We then examined whether endocrinological remission was achieved in patients with FA and evaluated the postoperative resection rates. Among the 114 patients with FA, 92 (80.7%) showed remission. No patients showed early remission and then later developed relapse. Of the 16 patients with acromegaly who did not achieve hormonal control, 14 underwent medical treatment and two underwent adjuvant radiotherapy and were subsequently not followed-up with. Of the four patients with Cushing’s disease who did not achieve hormonal control, one patient had a second endoscopic procedure and obtained disease control, one patient underwent an operation and was followed-up within another center, and two patients were not followed-up with. The two patients with prolactinomas who did not achieve hormonal control after endoscopic resection were referred for medical treatment. In the subgroup of patients with partial NFA resection, 13 underwent a second endoscopic surgery, and no individuals presented with symptoms during the follow-up period. Four patients with NFA had a mass smaller than 1 cm and underwent a biopsy as opposed to resection due to radiological findings outlining the pathological differences from a pituitary adenoma.
There was a significant difference in remission rates between Knosp classification groups (x2=19.851, p<0.01). Specifically, compared to patients classified as Knosp grade 3 and 4, the proportion of patients classified as Knosp grade 0, 1, and 2 was higher among those with remission than those without (Table 2).
There was a significant difference in remission rates according to the TS classifications (x2=9.96, p<0.05). Using a Z-test with a Bonferroni correction, we found that remission rates were significantly lower in patients classified as TS grade 3 (z=1.99, p<0.05).
According to the SSE classification, the proportion of patients with remission was higher among those classified as SSE grade A compared to grade B (subgroups were compared using a Z-test with a Bonferroni correction, z=2.88, p=0.003; Table 3).
Regarding TS, there was a significant difference between groups in terms of the amount of resection (x2=92.16, p<0.001). Subgroups were compared using a Z-test with a Bonferroni correction (p<0.01; Table 4). The proportion of patients with total resection was significantly higher than that of patients with near-total and subtotal resection among those with TS grade 1 (total vs. near total : z=2.98, p<0.001; total vs. subtotal : z=3.78, p<0.001) and grade 2 (total vs. near total : z=3.50, p<0.001; total vs. subtotal : z=3.57, p<0.001). In contrast, the proportion of patients with total resection was significantly lower than that of patients with near-total and subtotal resection among those with TS grade 4 (total vs. near total : z=2.30, p<0.05; total vs. subtotal : z=3.96, p<0.001) and grade 5 (total vs. near total : z=6.40, p<0.001; total vs. subtotal : z=7.75, p<0.01).

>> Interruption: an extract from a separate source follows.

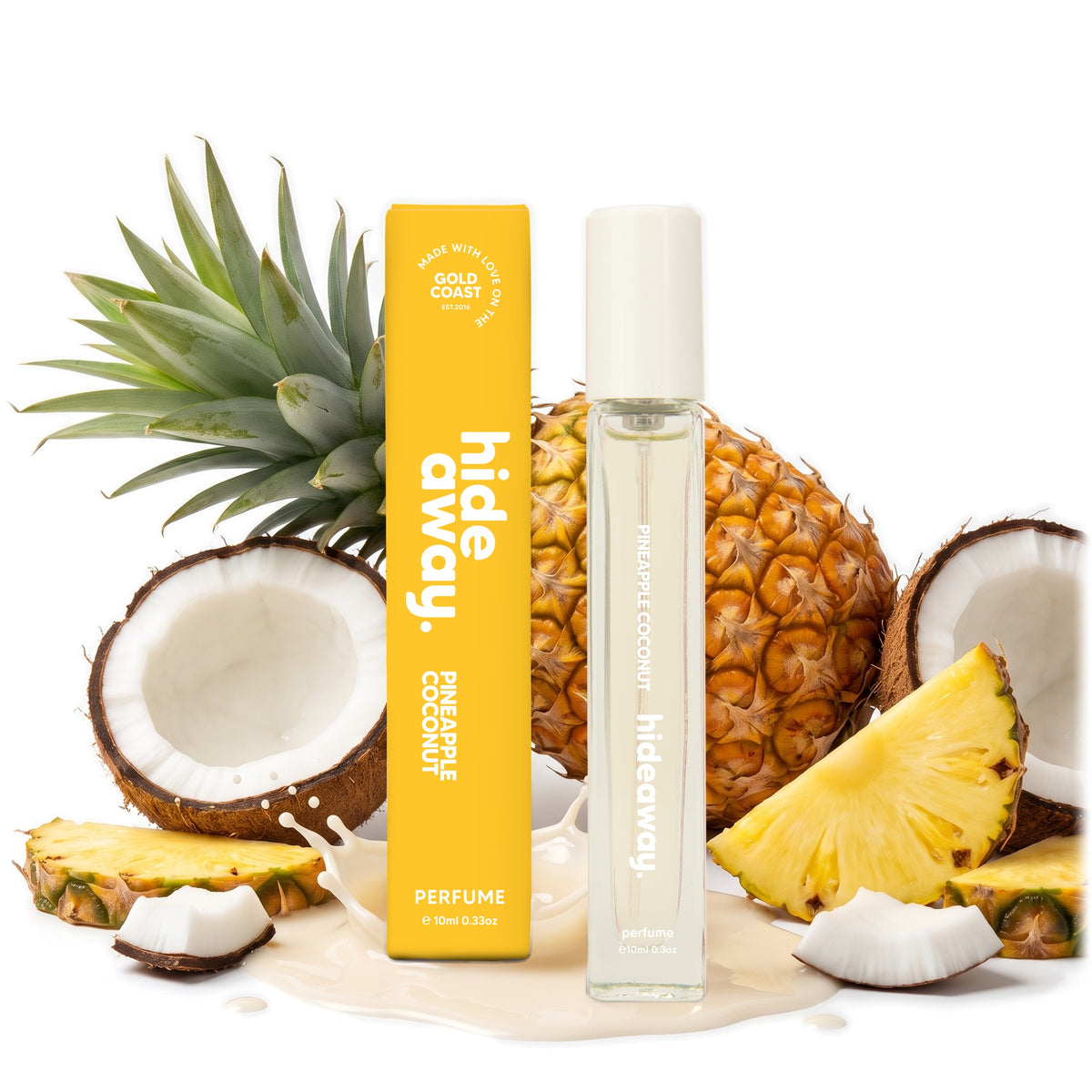 Hideaway. Pineapple Coconut perfume 10ml with fresh pineapple and coconut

Regarding the SSE variable, there was a significant difference in terms of the amount of resection (x2=59.68, p<0.001). Subgroups were compared using a Z-test with a Bonferroni correction (p<0.01). Among patients with SSE grade A, the proportion of patients with total resection was significantly higher than that of patients with near-total resection (z=6.44, p<0.001), subtotal resection (z=6.81, p<0.001), and biopsy (z=2.99, p=0.002). Moreover, the rate of patients who underwent total resection was significantly lower than that of those who underwent near-total and subtotal resection among those with SSE grade B (near total : z=3.40, p<0.001; subtotal : z=2.30, p=0.02), grade C (near total : z=4.21, p<0.001; subtotal : z=6.44, p<0.001), and grade D (near total : z=3.99, p<0.001; subtotal : z=3.51, p<0.001; biopsy : z=4.58, p<0.001; Table 4).
Based on Knosp classification, there was a significant difference regarding the amount of resection (x2=56.032, p<0.001). Subgroups were compared using a Z-test with a Bonferroni correction (p<0.01). The proportion of total resection achievement among patients with Knosp grades 0, 1, and 2 adenomas was significantly higher than those with Knosp grades 3 and 4 (z=7.42, p<0.001; Table 5) adenomas.

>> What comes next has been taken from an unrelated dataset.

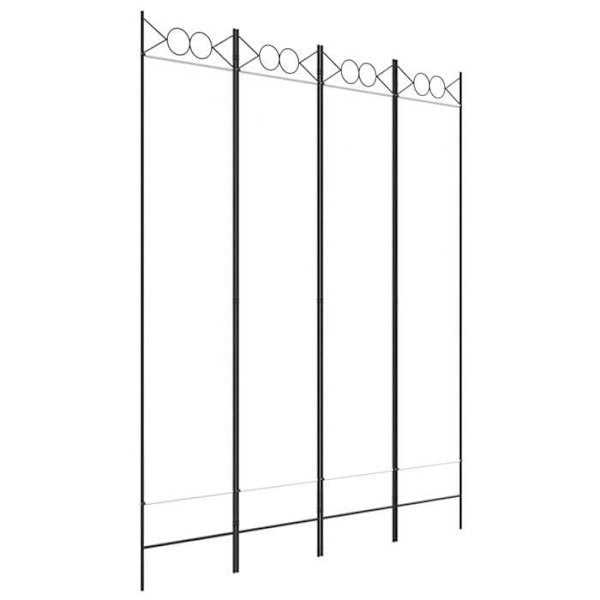 Paravent rumdeler 4 paneler 160 x 200 cm hvidt stof og jern DEC030837 Vit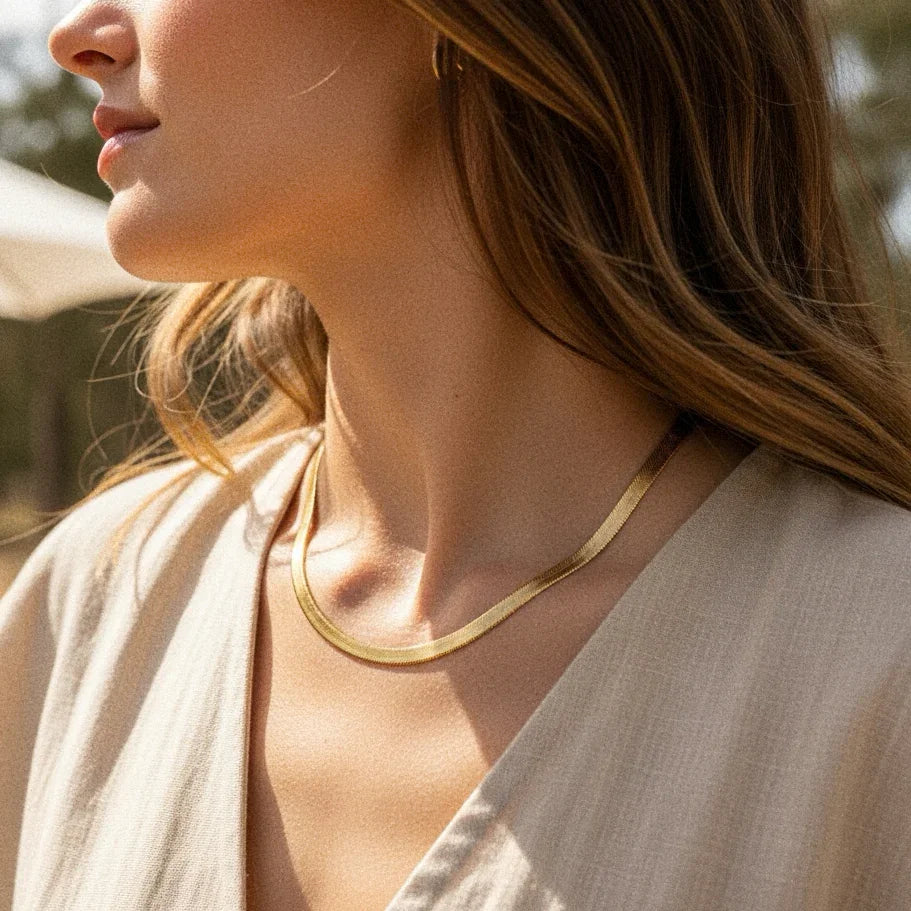 [Amore]Elysian Gold Herringbone Necklace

In this study, a total of 252 operations were performed, and the number of operations per patient ranged from 1-3 (mean, 1.07±0.27; median, 1). We also evaluated the intraoperative and postoperative complications (Table 6).
The presence of rhinorrhea or diabetes insipidus (DI) complications between-groups did not differ according to the TS, SSE, or Knosp classifications (p>0.05; Tables 7 and 8).

DISCUSSION

Since the first report of endonasal endoscopic resection of pituitary adenoma by Jankowski et al. [19] in 1992, remarkable progress has been made in the treatment of sellar lesions [4,29]. Unlike microscopic surgery, endoscopic surgery has a longer learning curve [4]. In this study, we compared the preoperative MRI invasion parameters, as well as resection, remission, and complication rates for 236 patients who underwent endoscopic surgery for pituitary adenomas.
Pituitary adenomas tend to follow the least resistant pathway and grow primarily in structures such as the sphenoid sinus, suprasellar region, and cavernous sinus [28]. Cavernous sinus invasion is of particular importance because it is associated with the degree of surgical resection, hormonal remission, and serious complications [33,34]. Thus, histological examination and surgical observation remain important for evaluating cavernous sinus invasion, though it is difficult to achieve consensus and concurrently apply these methods at all times [10,14]. In this context, Knosp et al. [25] classifications of cavernous sinus invasion are an important parameter used for radiological pre- and postoperative follow-up [26].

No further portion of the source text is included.